You’ll pay later. You’ll look like trolls, like the shrunken apple head dolls my friend Jennifer makes with the kids in her kindergarten class. Cute? Yes. Attractive? I don’t need to answer that.
Meanwhile, as a woman, you’re constantly told that you’re prettier when you smile. “What a lovely smile you have,” a complete stranger exclaims when you’re waiting for your pills at the Kaiser pharmacy. She has an incredible complexion, creamy and smooth, her eyes like giant buttons against the blank scrim of her face, just as they were when she was a toddler. Her hair, with the smallest touch of grey in it, reads as a halo against the harsh fluorescent lights casting their hellish blue glow over the sad line of people wending their way toward the irritable pharmacy assistant. Perhaps this stranger’s name is Jeanne. Or Lisa. Whoever she is, she’s setting you up and you need to be watching out for this sort of thing constantly.

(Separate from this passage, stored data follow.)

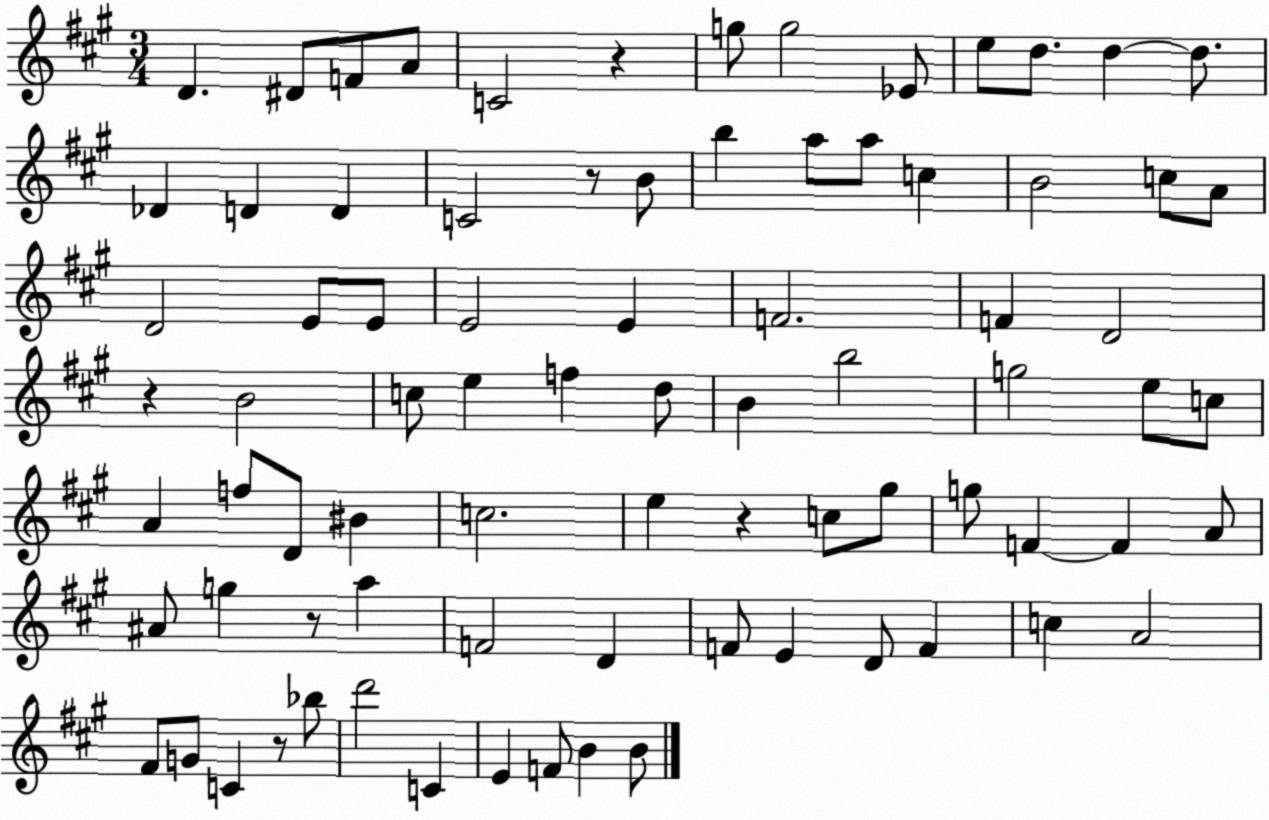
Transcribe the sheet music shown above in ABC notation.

X:1
T:Untitled
M:3/4
L:1/4
K:A
D ^D/2 F/2 A/2 C2 z g/2 g2 _E/2 e/2 d/2 d d/2 _D D D C2 z/2 B/2 b a/2 a/2 c B2 c/2 A/2 D2 E/2 E/2 E2 E F2 F D2 z B2 c/2 e f d/2 B b2 g2 e/2 c/2 A f/2 D/2 ^B c2 e z c/2 ^g/2 g/2 F F A/2 ^A/2 g z/2 a F2 D F/2 E D/2 F c A2 ^F/2 G/2 C z/2 _b/2 d'2 C E F/2 B B/2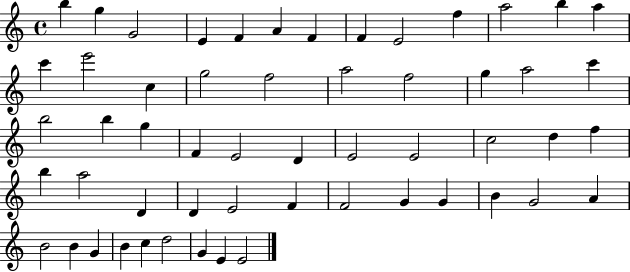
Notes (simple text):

However confident you are that you’re reading this situation accurately, that this is someone simply being friendly and helpful and perhaps — although this is a reach — paying you a compliment, know that you are headed down the wrong road.
This is just simple mathematics. The more you smile, the deeper the rivulets of loss and hopelessness you carve into your presentation, into your publicly displayed self-image. Your war chest. They are counting on this. The Jeannes, the Lisas, the Margarets, the Brittanys, the Leslies, in the cold calculus of their day to day strategy, they are mounting their campaign of war. They are deliberate. They are impeccable in their planning. They are generals. They are single. They want you out of the way so they can sweep through the territory, pillaging, doing violence, and stuffing the spoils into their rucksacks.
If you fall prey to this, you will prematurely age and take yourself out of the competition for the available romantic partners. And this is what they want. They want the good ones for themselves. This is evolutionary biology.
I know, I know. I know your protests, I’ve heard them all: this is just brainwashing from beauty magazines and infomercials and very insidious, strategic ad placements on Twitter. This is part of the capitalist machine. This is a pack of lies, engineered in the boardrooms of Sephora, Maybelline, in the homes of all the Kardashians — every single one — and in the outposts of obscure European countesses and baronesses shilling makeup and acupressure facelifts. I’m not going to try to stop you. You do you. You stay in denial. You carve your face up one interaction at a time.
And then you will be alone, and at your very poorly attended memorial the anemic clutch of mourners will talk about how beautiful you were on the inside.
Jenny Beth Schaffer is a physical theater artist and a writer living in Oakland, California.